### TASK OBJECTIVE:
Give again, word for word, every line below from the one that has "print design T-shirt" through the one that has "400lbs Big and", both included, and no others.
** DATA RECORDS follows **
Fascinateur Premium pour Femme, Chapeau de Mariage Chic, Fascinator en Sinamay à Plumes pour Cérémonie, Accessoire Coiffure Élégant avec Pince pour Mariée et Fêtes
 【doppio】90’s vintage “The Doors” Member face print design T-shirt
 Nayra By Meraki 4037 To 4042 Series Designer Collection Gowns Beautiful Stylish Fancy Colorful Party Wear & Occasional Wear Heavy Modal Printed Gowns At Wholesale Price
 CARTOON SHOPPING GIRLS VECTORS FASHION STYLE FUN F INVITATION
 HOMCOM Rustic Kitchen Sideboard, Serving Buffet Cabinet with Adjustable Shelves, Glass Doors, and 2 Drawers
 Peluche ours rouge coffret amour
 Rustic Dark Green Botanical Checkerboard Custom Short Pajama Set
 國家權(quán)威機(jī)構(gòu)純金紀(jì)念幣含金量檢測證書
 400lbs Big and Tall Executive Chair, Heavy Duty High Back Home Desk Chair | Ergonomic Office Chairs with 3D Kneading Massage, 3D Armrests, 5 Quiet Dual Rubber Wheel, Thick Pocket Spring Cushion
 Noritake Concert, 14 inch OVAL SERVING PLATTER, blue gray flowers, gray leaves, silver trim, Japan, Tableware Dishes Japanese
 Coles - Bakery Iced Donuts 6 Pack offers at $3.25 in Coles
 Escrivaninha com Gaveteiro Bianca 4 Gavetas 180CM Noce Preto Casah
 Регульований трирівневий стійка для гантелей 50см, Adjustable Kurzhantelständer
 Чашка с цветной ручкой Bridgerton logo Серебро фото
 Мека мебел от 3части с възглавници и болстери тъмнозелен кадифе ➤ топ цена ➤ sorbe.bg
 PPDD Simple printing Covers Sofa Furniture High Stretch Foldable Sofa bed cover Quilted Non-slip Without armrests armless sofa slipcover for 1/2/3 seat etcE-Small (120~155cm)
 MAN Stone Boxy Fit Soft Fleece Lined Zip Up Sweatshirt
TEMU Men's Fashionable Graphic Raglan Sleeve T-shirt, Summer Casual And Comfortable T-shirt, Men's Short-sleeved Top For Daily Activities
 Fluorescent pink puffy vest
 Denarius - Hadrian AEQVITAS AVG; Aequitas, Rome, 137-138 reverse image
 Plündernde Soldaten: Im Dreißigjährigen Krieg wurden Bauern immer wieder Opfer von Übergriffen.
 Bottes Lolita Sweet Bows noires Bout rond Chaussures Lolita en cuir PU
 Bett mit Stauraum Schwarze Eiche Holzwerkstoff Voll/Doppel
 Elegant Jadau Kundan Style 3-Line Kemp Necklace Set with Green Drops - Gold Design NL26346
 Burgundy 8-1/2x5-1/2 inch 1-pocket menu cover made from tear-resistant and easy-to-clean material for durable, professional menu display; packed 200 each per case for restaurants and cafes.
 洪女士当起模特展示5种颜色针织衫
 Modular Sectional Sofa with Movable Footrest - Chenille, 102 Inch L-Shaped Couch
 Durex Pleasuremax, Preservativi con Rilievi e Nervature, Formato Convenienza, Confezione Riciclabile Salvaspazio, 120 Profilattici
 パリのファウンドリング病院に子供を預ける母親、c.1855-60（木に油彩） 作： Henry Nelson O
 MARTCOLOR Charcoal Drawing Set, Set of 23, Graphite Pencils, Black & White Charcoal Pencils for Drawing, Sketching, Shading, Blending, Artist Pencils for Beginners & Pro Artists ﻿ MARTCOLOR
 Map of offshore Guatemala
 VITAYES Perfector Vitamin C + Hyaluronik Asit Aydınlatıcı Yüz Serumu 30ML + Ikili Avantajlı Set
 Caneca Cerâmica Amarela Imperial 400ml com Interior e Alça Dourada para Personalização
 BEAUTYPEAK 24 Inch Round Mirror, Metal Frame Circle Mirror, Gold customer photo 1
** End of DATA RECORDS **
### TASK RESPONSE:
 【doppio】90’s vintage “The Doors” Member face print design T-shirt
 Nayra By Meraki 4037 To 4042 Series Designer Collection Gowns Beautiful Stylish Fancy Colorful Party Wear & Occasional Wear Heavy Modal Printed Gowns At Wholesale Price
 CARTOON SHOPPING GIRLS VECTORS FASHION STYLE FUN F INVITATION
 HOMCOM Rustic Kitchen Sideboard, Serving Buffet Cabinet with Adjustable Shelves, Glass Doors, and 2 Drawers
 Peluche ours rouge coffret amour
 Rustic Dark Green Botanical Checkerboard Custom Short Pajama Set
 國家權(quán)威機(jī)構(gòu)純金紀(jì)念幣含金量檢測證書
 400lbs Big and Tall Executive Chair, Heavy Duty High Back Home Desk Chair | Ergonomic Office Chairs with 3D Kneading Massage, 3D Armrests, 5 Quiet Dual Rubber Wheel, Thick Pocket Spring Cushion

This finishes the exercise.